The part of the chapter that most spoke to me was towards the end. I don’t have the book in front of me and I forget the exact words, but basically, I’m not responsible for making my children better. I started tearing up as I read that. So often when my kids are acting out I take it personally, feel like I messed up somehow, need to FIX it. Just like when they’re sick, you care for and nurture them, but you don’t heal them by yourself. And you may not see positive results immediately.
Just like some of the other mamas mentioned, I too can tell when my kiddos aren’t themselves. And people are often surprised when I put my family before other obligations or frivolities. One of my friends expects me to drop my children off with a family member or babysitter when she wants to do something. It seems the growing trend to think of children more as accessories to be taken out and put away when convenient.
I try to keep things “quieted down” most of the time anyway, as the chapter suggests when your child is experiencing a “soul fever,” but I do often feel like we need to be Doing Something. I try to remember: less is more, rather than if something is good more must be better.
There are days (it seems to coincide with PMS, but since I’m not regular there’s no predictable pattern) when I get so upset with my children and have my own outbursts – but mamas rarely get time-outs! I find it difficult to shower affection on my kids when they are “the least deserving.” I’m working on this, but for the most part I consider myself an even-keel, matter-of-fact kind of person.
I, too, would be interested in some of Rachel’s discipline techniques. I never thought I would use time-outs with my children, but I often send my 3-year-old to her room when she’s being fussy and won’t comply (I also employ the “count to 10” warning). She can come out when she stops fussing, ready to be a good girl and apologize.

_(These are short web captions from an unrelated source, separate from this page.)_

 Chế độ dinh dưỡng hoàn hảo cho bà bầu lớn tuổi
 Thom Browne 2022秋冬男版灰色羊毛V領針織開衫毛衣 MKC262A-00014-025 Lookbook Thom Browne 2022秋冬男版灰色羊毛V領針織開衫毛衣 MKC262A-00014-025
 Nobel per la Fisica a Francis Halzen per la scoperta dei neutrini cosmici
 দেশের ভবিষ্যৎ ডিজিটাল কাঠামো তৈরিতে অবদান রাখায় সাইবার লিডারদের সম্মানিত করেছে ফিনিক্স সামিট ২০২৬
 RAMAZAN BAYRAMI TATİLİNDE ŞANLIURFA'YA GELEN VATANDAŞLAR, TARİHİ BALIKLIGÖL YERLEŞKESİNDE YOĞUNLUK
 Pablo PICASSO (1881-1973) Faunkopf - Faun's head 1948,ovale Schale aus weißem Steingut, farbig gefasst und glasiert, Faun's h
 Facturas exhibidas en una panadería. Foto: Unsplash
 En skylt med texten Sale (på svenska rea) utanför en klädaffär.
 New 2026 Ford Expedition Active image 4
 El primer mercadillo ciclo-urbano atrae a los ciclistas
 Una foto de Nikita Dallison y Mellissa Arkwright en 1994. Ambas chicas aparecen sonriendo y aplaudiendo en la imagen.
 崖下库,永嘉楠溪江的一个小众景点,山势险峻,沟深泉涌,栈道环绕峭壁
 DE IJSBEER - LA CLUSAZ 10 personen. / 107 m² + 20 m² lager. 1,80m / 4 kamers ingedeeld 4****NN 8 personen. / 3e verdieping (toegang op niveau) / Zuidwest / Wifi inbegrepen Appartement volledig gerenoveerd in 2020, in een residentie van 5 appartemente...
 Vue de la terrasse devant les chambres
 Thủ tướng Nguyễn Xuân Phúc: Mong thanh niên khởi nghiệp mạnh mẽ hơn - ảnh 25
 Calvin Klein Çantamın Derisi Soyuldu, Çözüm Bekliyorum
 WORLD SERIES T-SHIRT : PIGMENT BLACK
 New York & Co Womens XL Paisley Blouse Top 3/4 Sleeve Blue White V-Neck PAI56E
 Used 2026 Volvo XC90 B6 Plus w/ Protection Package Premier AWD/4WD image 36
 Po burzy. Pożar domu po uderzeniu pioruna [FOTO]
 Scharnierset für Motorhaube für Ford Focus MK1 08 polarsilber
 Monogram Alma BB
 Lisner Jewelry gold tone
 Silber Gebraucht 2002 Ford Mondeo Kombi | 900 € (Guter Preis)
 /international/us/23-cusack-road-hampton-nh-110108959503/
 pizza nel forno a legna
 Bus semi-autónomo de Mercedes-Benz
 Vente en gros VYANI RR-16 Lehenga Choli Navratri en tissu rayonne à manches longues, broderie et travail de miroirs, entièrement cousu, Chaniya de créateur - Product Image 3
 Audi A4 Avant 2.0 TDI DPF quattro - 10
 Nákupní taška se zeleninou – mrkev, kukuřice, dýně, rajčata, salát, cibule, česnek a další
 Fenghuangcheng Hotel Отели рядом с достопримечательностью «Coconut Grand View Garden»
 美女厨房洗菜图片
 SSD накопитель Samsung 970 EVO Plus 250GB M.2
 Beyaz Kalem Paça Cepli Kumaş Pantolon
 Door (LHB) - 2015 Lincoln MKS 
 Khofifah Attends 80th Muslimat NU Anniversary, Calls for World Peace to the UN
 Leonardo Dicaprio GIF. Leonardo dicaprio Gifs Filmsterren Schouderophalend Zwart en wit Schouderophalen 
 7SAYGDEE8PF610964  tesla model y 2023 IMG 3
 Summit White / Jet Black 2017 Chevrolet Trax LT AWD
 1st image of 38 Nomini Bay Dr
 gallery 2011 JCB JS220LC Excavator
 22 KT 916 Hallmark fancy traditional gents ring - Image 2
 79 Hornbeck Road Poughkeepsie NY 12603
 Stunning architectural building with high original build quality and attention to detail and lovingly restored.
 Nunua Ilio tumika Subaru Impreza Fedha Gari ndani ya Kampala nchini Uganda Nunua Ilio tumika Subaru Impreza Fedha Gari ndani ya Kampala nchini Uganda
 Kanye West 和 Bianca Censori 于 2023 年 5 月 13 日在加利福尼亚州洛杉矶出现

If there’s some more serious infraction – hitting or outright disrespect – we’ll often get down to our daughter’s level and try to speak calmly about what’s expected and ask for an apology. If the behavior persists, then we tell her she’ll get a spanking unless she complies. She’s gotten a few spankings. We always explain what’s expected of her and why she got punished.
Ah, mealtimes – I’ve gone all over the spectrum with this one! In the past I’ve gotten so upset with my kids for not eating their meals, telling them they couldn’t leave the table till they had eaten. Other times (and this is what I aim for), I don’t make a big deal about it – provide healthy food, realize they will eat when they’re hungry, put away leftovers, and don’t pander to their food whims. For a picky eater I particuarly enjoyed Rachel’s “bite for each year” idea (since Gwendolyn is three, she would need to take three bites before she decides she doesn’t like it). The chapter I’m reading now speaks to simplifying food choices, which may also help with picky eaters. And not to get too far ahead of myself, but I’m seriously thinking of employing a weekly meal schedule; not only will it take the stress off my trying to figure out what to make every night, but it will provide a sense of rhythm for the kids. I am getting ahead of myself!
Now… how to handle grandparents who give them treats?
At the library today, I got talking with one of the librarians, telling them how Gwen is such a little diva. She has to be a princess and wear twirly skirts and constantly checks out the ruffles on her sleeves to the point of preening. They told me about the book Cinderalla Ate My Daughter, and whereas some of the things might not apply to our family since we don’t watch TV our keep up with the latest trend, I’d be interested in reading it.